Free to Be Kids uses the outdoors, adventure and psychologically informed youthwork to transform the mental health of particularly vulnerable young Londoners experiencing immense challenge – parental addiction, neglect, abuse, poverty and homelessness, which have resulted in emotional/behavioural difficulties at school or home.
We support young people whose childhoods have left them feeling different, unwanted, excluded and alone, to instead experience themselves as brave, talented, belonging and successful. Children who’ve never left their area of London before and whose school lives give them repeated messages of failure/low self-worth, instead lead night walks through the woods (leadership, responsibility), work in teams to canoe down rivers (teamwork, problem solving), or climb a hill for the first time (broadened horizons, resilience) creating a vastly healthier psychological story about oneself.

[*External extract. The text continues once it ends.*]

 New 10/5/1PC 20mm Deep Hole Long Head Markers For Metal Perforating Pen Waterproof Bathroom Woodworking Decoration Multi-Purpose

Once we’ve built trusting relationships with hard-to-reach children round the campfire, we then bridge the highest need into our longterm support programmes: 1:1 mentoring, our Young Leaders Programme, or our 18 month intensive Thrive Journey Programme.

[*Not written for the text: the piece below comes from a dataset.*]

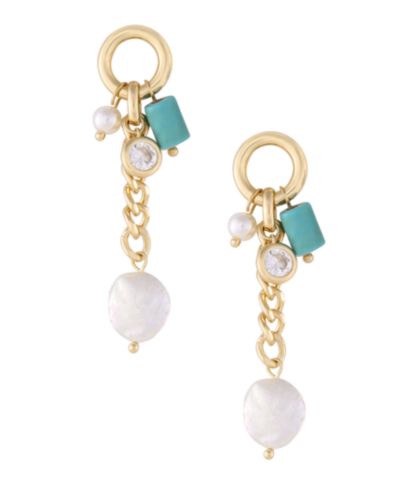 ETTIKA Серьги с имитацией жемчуга и бирюзой Dangle Earrings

Ultimately our programmes work to rebuild the foundations of positive mental health: confidence, resilience, social problem solving skills, and belief in the power of their own potential, for London’s most disadvantaged children.
You can hear our young people talking about the impact of our work in this short 2 minute film.
In 2025 WWMT have granted £30,000 over 3 yrs to the Thrive Journey Programme:
Spread over 12 months, Journey modules provide more specialized and targeted support for young people, aged 12 to 16, with deeply entrenched negative self-narratives. Each year, two new cohorts of eight young people start six five- day residential projects, spread over 18 months. Residentials are supported by frequent liaison with school, home and key agencies, equating to 300 hours direct support for each child over the 18 months, making a lasting positive impact on each child.